• **Required action**
Once you have read the listing below, output it again exactly.

• **Excerpted records**
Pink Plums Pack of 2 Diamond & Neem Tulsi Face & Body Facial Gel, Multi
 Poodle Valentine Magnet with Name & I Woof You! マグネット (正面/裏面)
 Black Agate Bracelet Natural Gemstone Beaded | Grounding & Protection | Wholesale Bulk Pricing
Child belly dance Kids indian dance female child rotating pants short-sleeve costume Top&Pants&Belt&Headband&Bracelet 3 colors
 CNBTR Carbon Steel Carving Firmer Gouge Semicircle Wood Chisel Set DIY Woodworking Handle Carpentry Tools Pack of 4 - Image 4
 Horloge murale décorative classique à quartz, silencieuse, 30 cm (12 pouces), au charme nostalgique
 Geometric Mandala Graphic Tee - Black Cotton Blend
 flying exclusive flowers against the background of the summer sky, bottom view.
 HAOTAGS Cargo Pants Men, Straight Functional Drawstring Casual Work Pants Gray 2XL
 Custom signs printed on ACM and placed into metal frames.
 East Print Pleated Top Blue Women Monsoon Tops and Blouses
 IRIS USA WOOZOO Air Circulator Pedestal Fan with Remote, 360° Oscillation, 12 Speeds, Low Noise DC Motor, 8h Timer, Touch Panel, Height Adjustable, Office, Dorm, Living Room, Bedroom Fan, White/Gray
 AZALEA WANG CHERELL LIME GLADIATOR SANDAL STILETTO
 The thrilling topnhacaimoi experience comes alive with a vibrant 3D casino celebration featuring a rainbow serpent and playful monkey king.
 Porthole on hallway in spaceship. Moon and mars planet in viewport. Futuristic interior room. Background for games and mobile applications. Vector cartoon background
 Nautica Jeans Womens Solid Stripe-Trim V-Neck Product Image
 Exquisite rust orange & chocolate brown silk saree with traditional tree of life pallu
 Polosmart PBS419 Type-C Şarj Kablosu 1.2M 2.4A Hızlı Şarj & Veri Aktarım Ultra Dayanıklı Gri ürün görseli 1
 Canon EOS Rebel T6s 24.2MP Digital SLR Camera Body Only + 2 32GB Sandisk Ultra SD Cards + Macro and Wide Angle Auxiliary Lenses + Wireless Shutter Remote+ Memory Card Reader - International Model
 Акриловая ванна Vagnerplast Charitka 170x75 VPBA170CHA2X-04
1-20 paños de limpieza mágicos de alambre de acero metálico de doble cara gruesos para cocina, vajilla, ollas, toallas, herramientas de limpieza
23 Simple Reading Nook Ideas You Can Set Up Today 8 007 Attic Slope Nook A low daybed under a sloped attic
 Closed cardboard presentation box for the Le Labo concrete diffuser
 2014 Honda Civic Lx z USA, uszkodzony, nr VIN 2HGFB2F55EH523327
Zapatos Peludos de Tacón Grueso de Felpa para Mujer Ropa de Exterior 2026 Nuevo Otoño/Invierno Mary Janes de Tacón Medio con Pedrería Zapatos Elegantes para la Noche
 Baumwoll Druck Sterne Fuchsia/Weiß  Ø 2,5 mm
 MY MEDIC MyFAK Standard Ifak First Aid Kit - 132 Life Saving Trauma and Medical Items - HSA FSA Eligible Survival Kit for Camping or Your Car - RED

• **Output**
Pink Plums Pack of 2 Diamond & Neem Tulsi Face & Body Facial Gel, Multi
 Poodle Valentine Magnet with Name & I Woof You! マグネット (正面/裏面)
 Black Agate Bracelet Natural Gemstone Beaded | Grounding & Protection | Wholesale Bulk Pricing
Child belly dance Kids indian dance female child rotating pants short-sleeve costume Top&Pants&Belt&Headband&Bracelet 3 colors
 CNBTR Carbon Steel Carving Firmer Gouge Semicircle Wood Chisel Set DIY Woodworking Handle Carpentry Tools Pack of 4 - Image 4
 Horloge murale décorative classique à quartz, silencieuse, 30 cm (12 pouces), au charme nostalgique
 Geometric Mandala Graphic Tee - Black Cotton Blend
 flying exclusive flowers against the background of the summer sky, bottom view.
 HAOTAGS Cargo Pants Men, Straight Functional Drawstring Casual Work Pants Gray 2XL
 Custom signs printed on ACM and placed into metal frames.
 East Print Pleated Top Blue Women Monsoon Tops and Blouses
 IRIS USA WOOZOO Air Circulator Pedestal Fan with Remote, 360° Oscillation, 12 Speeds, Low Noise DC Motor, 8h Timer, Touch Panel, Height Adjustable, Office, Dorm, Living Room, Bedroom Fan, White/Gray
 AZALEA WANG CHERELL LIME GLADIATOR SANDAL STILETTO
 The thrilling topnhacaimoi experience comes alive with a vibrant 3D casino celebration featuring a rainbow serpent and playful monkey king.
 Porthole on hallway in spaceship. Moon and mars planet in viewport. Futuristic interior room. Background for games and mobile applications. Vector cartoon background
 Nautica Jeans Womens Solid Stripe-Trim V-Neck Product Image
 Exquisite rust orange & chocolate brown silk saree with traditional tree of life pallu
 Polosmart PBS419 Type-C Şarj Kablosu 1.2M 2.4A Hızlı Şarj & Veri Aktarım Ultra Dayanıklı Gri ürün görseli 1
 Canon EOS Rebel T6s 24.2MP Digital SLR Camera Body Only + 2 32GB Sandisk Ultra SD Cards + Macro and Wide Angle Auxiliary Lenses + Wireless Shutter Remote+ Memory Card Reader - International Model
 Акриловая ванна Vagnerplast Charitka 170x75 VPBA170CHA2X-04
1-20 paños de limpieza mágicos de alambre de acero metálico de doble cara gruesos para cocina, vajilla, ollas, toallas, herramientas de limpieza
23 Simple Reading Nook Ideas You Can Set Up Today 8 007 Attic Slope Nook A low daybed under a sloped attic
 Closed cardboard presentation box for the Le Labo concrete diffuser
 2014 Honda Civic Lx z USA, uszkodzony, nr VIN 2HGFB2F55EH523327
Zapatos Peludos de Tacón Grueso de Felpa para Mujer Ropa de Exterior 2026 Nuevo Otoño/Invierno Mary Janes de Tacón Medio con Pedrería Zapatos Elegantes para la Noche
 Baumwoll Druck Sterne Fuchsia/Weiß  Ø 2,5 mm
 MY MEDIC MyFAK Standard Ifak First Aid Kit - 132 Life Saving Trauma and Medical Items - HSA FSA Eligible Survival Kit for Camping or Your Car - RED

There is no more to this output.